We are preparing for our voyage from this world to the next.   It is coming soon and we will be flying.   The Bible says,  “The days of our lives are seventy years; and if by reason of strength they are eighty years, yet their boast is only labor and sorrow; for it is soon cut off, and we fly away” (Psalm 90:10).

Angels will be carrying us to our destination.  In the Bible, a poor beggar named Lazarus was carried by the angels to a place of bliss when he died (Luke 16:22).  But evil people will ultimately be carried by the angels to another place — a place of fire and torment (Matthew 13:41-43).

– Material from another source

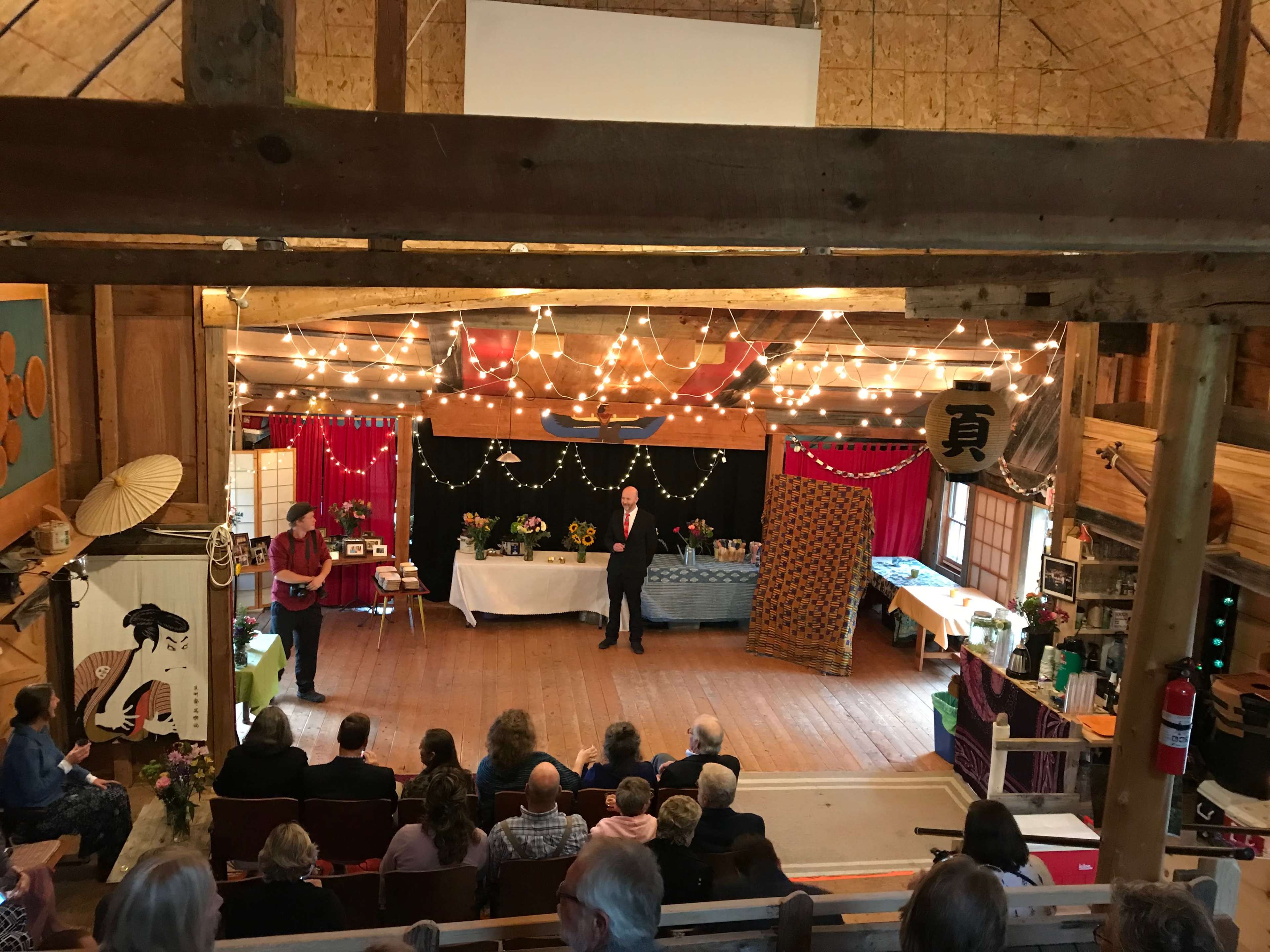A performance is taking place in a rustic hall decorated with lights, with an audience seated below and two speakers on stage.
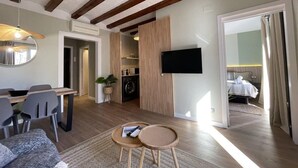 Ein modernes Wohnzimmer mit Essbereich, einer Küche und einem Schlafzimmer.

In a spiritual sense, it’s as if some are just too heavy for the flight to heaven.  Sin weighs them down.  Iniquities are “like a heavy burden” (Psalm 38:4).

If we want to fly to heaven, we must lighten the load!  We must cut away whatever weighs us down!  Jesus tells us to get rid of anything that would make us fall, even if it be a foot, a hand, or an eye (Mark 9:43-49).

C.S. Lewis once made the following observation:

“You cannot take all luggage with you on all journeys; on one journey even your right hand and your right eye may be among the things you have to leave behind…”
“If we insist on keeping Hell (or even earth) we shall not see Heaven: if we accept Heaven we shall not be able to retain even the smallest and most intimate souvenirs of Hell. I believe, to be sure, that any man who reaches Heaven will find that what he abandoned (even in plucking out his right eye) was precisely nothing…” (C.S. Lewis, The Great Divorce, preface)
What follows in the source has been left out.